Preferably, the layers of the web 17 are locked together with stitches 39 before the preform 31 is cut to length and, typically before the last roll station (FIG. 5M) in the primary roll set. This is done, for example, by a known process such as the process disclosed in U.S. Pat. No. 6,047,511 which can be modified by first compressing the material lanced from the web 17 to expand it relative to the lanced hole from which it is cut rather than, as the patent shows, first compressing the material surrounding the lanced hole to shrink the hole relative to the material lanced from the hole. As shown in FIG. 1, two vertically spaced rows of stitches 39 can be formed in the web 17. The stitches 39 improve the stability of the grid tee preform 31 when it is run through the secondary roll set.
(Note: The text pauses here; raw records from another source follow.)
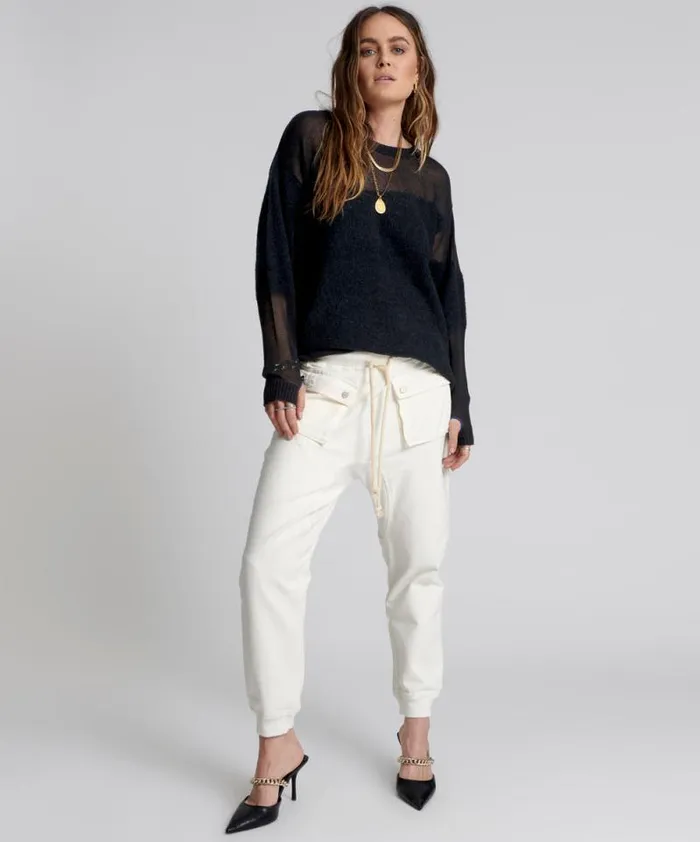 Women PEARL CADET DENIM PANTS One Teaspoon Bottoms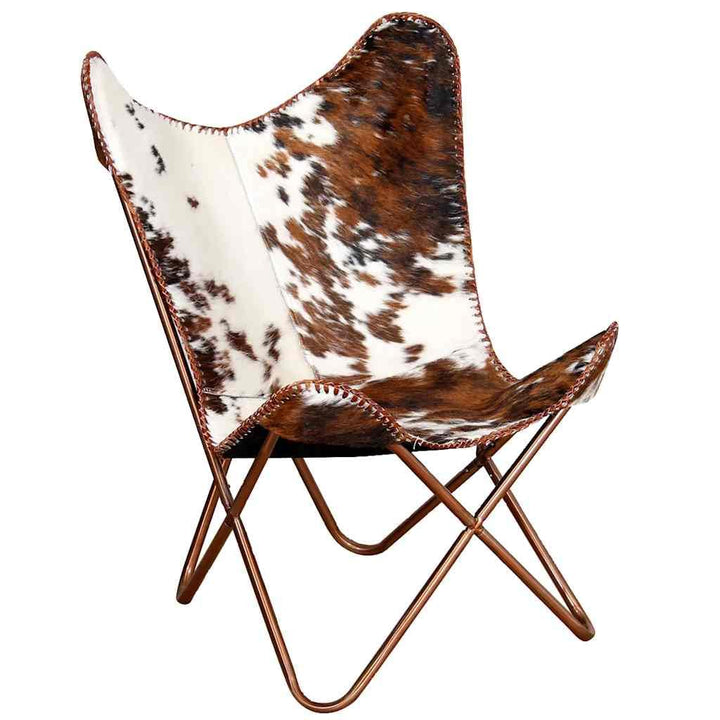 vidaXL Chaise Papillon Marron et Blanc Cuir de Vache, Fauteuil, Chaise Longue, Chaise Papillon en Cuir, fauteuils, chaises Longues vidaXL Chaise Papillon Marron et Blanc Cuir de Vache, Fauteuil, Chaise Longue, Chaise Papillon en Cuir, fauteuils, chaises Longues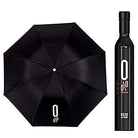 DECO UMBRELLA Folding Portable Umbrella with Bottle Cover for UV Protection & Rain Umbrella Mini Travel Pack Of 1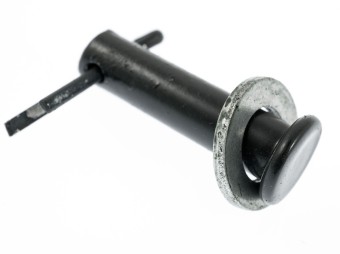 Bolzen mit Splint für die Befestigung der Kolbenstange am Kolben 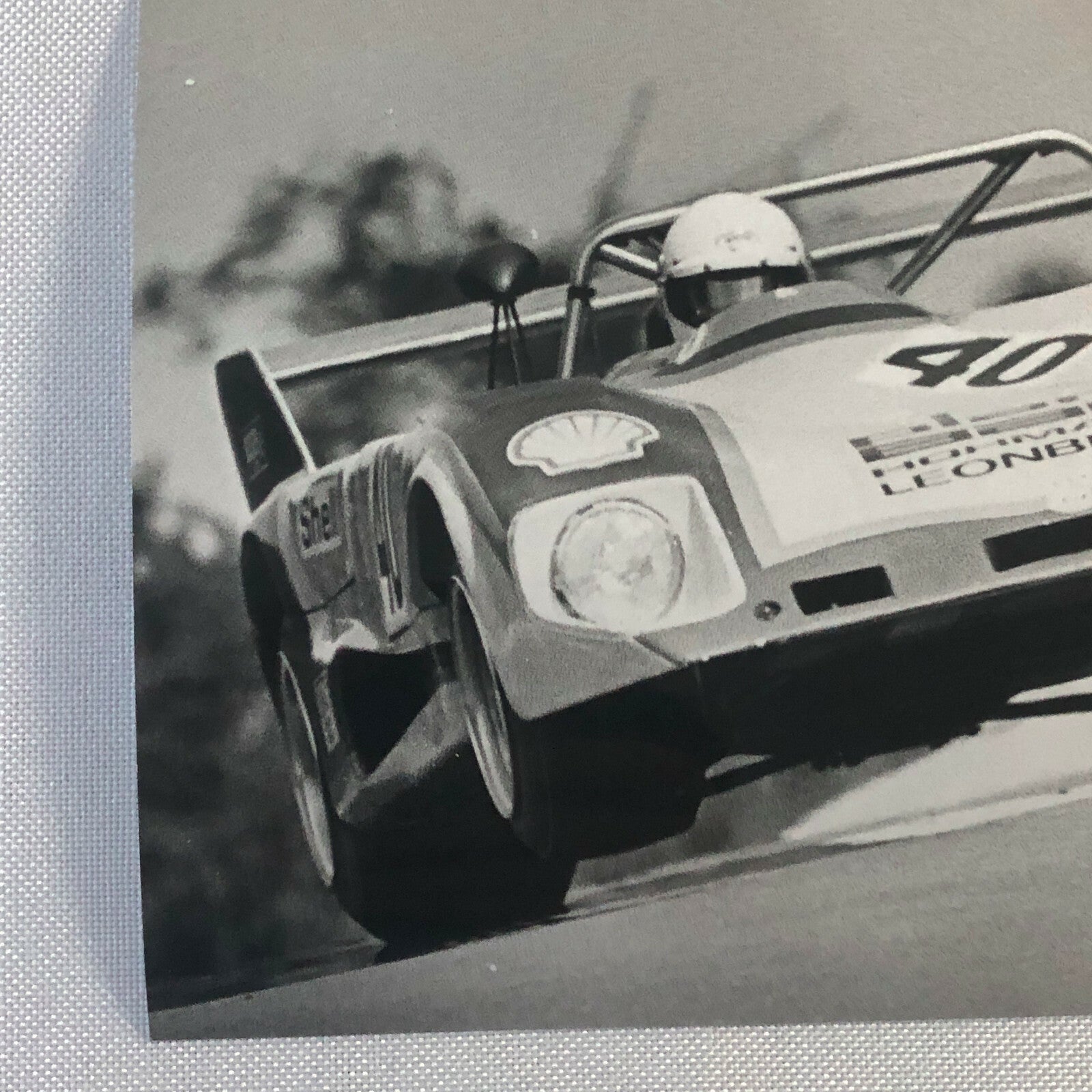 Vintage Racing Photo Photograph 1976 300KM Nurburgring Lola T294 BMW Car Bross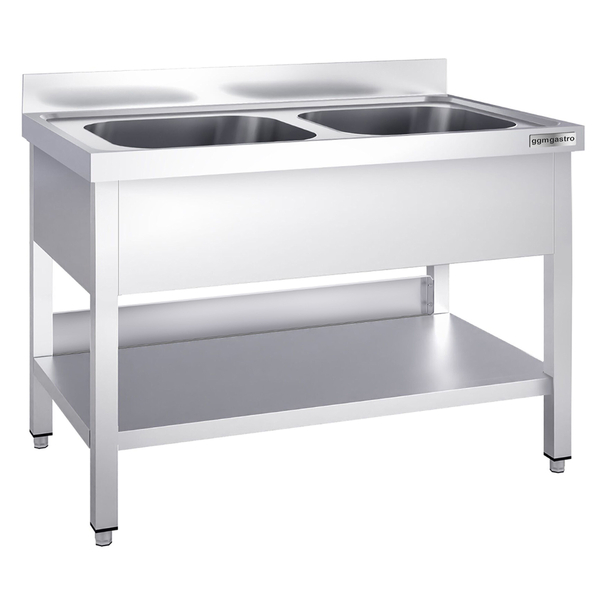 Mueble fregadero PREMIUM - 1000x600mm - con base y 2 lavabos en el centro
As previously mentioned, the perform tee 31, made of the combined main body strip 12 and face strip 13 finished in the primary roll set of FIGS. 5A-5M is rough cut to a length and passed to a stamping press. After the preform tee 31 is processed in the press, it is sent through the secondary roll set schematically shown in FIG. 6A-6L. Each figure progressing from FIG. 6A-6L represents a successive roll set. An inspection of these roll set views shows that there is no upper roller back-up on the upper side of the preform flanges, designated 40 in FIG. 6A, that lies vertically under the bulb 16. Close inspection of the FIGS. 6B-6L reveals that the preform flange 40 bends upwardly on each side of the web 17 at the score line 38 despite the absence in each of these illustrated stations of a back-up roll on the upper side of the flange 40 inward of the score lines 38. This bending is initiated in the roll station shown in FIG. 6B where the flange 40 is deflected upwardly by a lower roll 46. The rolls in the stations shown in FIG. 6B-6K progressively deform each side of the flange 40 through a series of gull wing stages. The station at FIG. 6K squares up the gull wing character of the tee flange departing the station shown in FIG. 6J. The tee 10 is finally shaped in the station of FIG. 6L. Throughout the stations, 6B-6L, the score lines 38, like creases in a sheet of cardboard, localize the bending of the flange 40 even though there is no back-up roll at the inside of this bend.
It should be evident that this disclosure is by way of example and that various changes may be made by adding, modifying or eliminating details without departing from the fair scope of the teaching contained in this disclosure. The invention is therefore not limited to particular details of this disclosure except to the extent that the following claims are necessarily so limited.